Preprint Autoantibody landscapes in neurological Long COVID and post-COVID cognitive impairment show heterogeneity without a shared disease signature Chakravar

[Jaybee00]

Abstract​

Background: Neurological Long COVID (n-LC) includes persistent cognitive and autonomic symptoms after SARS-CoV-2 infection. Prior studies of post-COVID conditions have described diverse humoral autoreactivity, but findings are heterogeneous, and it remains unclear whether n-LC is associated with a consistent CNS-directed humoral signature. Methods: We performed a cross-cohort case-control analysis to detect autoantibodies in cerebrospinal fluid (CSF) and serum from n-LC participants. In the Yale COVID Mind Study cohort, CSF from n-LC participants and from pre-pandemic and post-COVID asymptomatic controls was assessed by mouse brain immunofluorescence and proteome-wide phage immunoprecipitation sequencing (PhIP-Seq), with candidate reactivities evaluated by orthogonal assays and supervised modeling. In the Epidemiology, Immunology, and Clinical Characteristics of Emerging Infectious Diseases with Pandemic Potential (IDCRP EPICC) cohort, post-COVID sera collected prior to iPhone- or iPad-based cognitive screening were profiled by PhIP-Seq and compared between participants with and without cognitive impairment. Results: CSF immunoreactivity on mouse brain tissue was observed in both n-LC and controls, with similar overall frequencies, although n-LC participants more often showed nuclear-predominant staining patterns. PhIP-Seq identified sparse, largely patient-specific peptide reactivities to nuclear and neuronal proteins in CSF and serum. Supervised models provided limited discrimination between cases and controls. Candidate autoantigens had limited disease specificity on orthogonal testing. EPICC serum autoantibody profiling similarly failed to distinguish individuals with and without cognitive impairment. Conclusions: Across cohorts and compartments, n-LC did not exhibit a shared autoantibody signature. These findings support the absence of a dominant, common CNS autoantibody-mediated mechanism in n-LC.

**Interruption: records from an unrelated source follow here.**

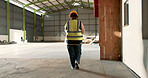 Warehouse, back of woman and engineer walking at empty industrial plant, manufacturing production or construction. Factory, rear view and worker or technician check storage, distribution or logistics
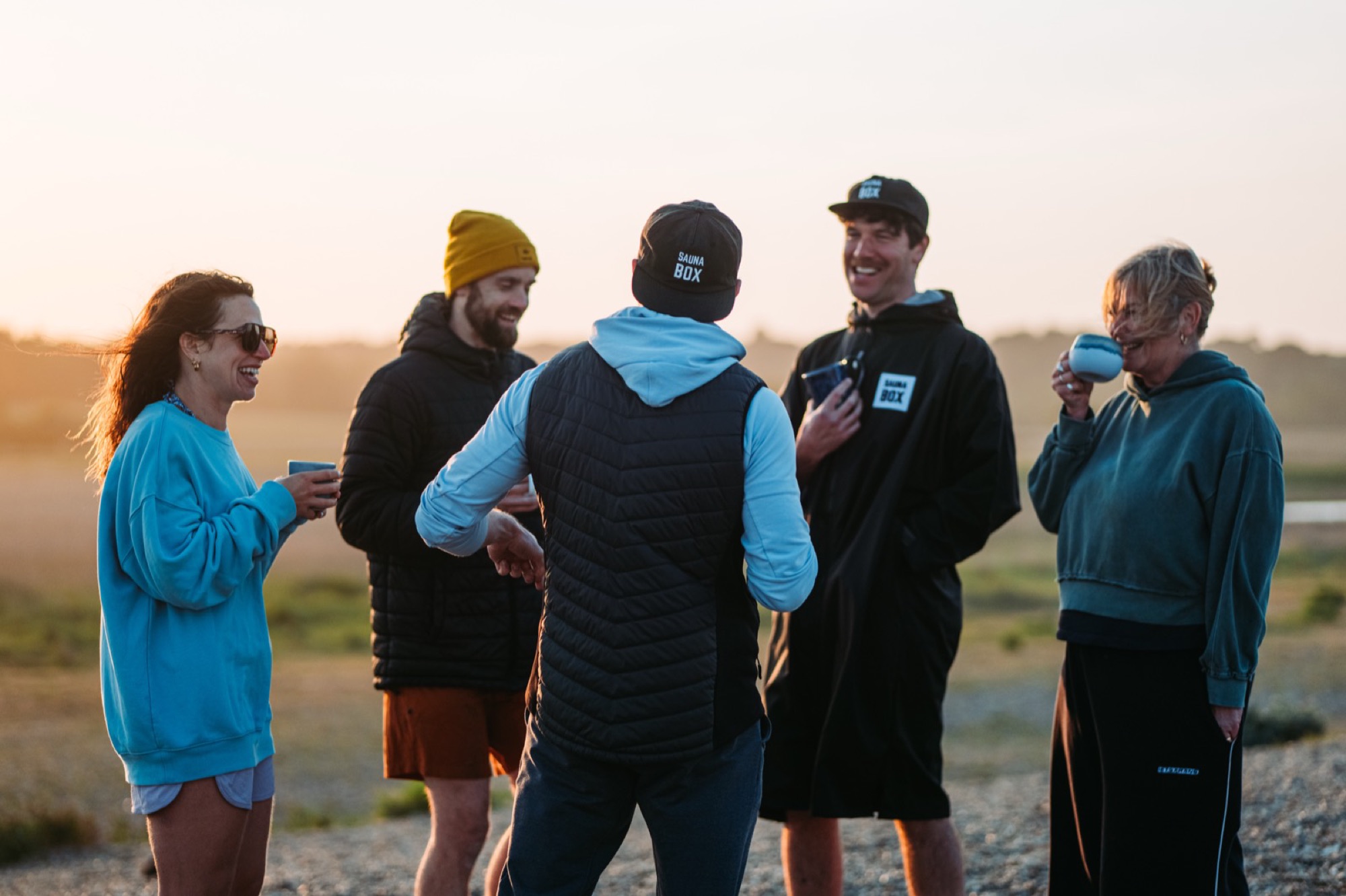 A group of friends in Sauna Box branded clothing laughing together at sunset, holding warm drinks after a sauna session
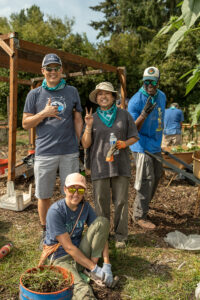 A bunch of volunteers working to pull weeks from vegetable beds.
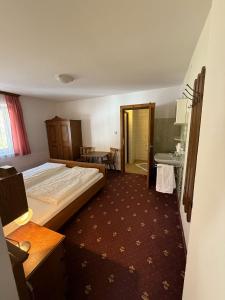 Voodi või voodid majutusasutuse Pension Plattenhof toas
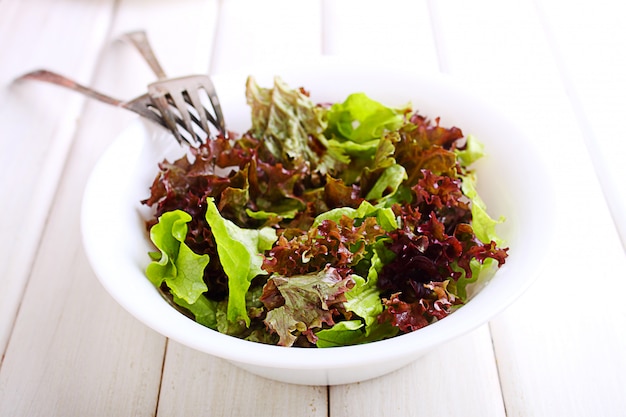 Green salad in a white bowl on a white wooden background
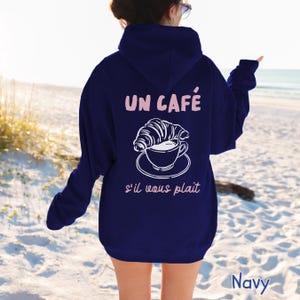 May include: A navy blue hooded sweatshirt featuring a white graphic of a croissant resting on a coffee cup and saucer. The text "UN CAF&Eacute;" appears in light pink above the graphic, and "s'il vous pla&icirc;t" is printed in light pink below the graphic.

Autoantibody landscapes in neurological Long COVID and post-COVID cognitive impairment show heterogeneity without a shared disease signature

Background: Neurological Long COVID (n-LC) includes persistent cognitive and autonomic symptoms after SARS-CoV-2 infection. Prior studies of post-COVID conditions have described diverse humoral autoreactivity, but findings are heterogeneous, and it remains unclear whether n-LC is associated with...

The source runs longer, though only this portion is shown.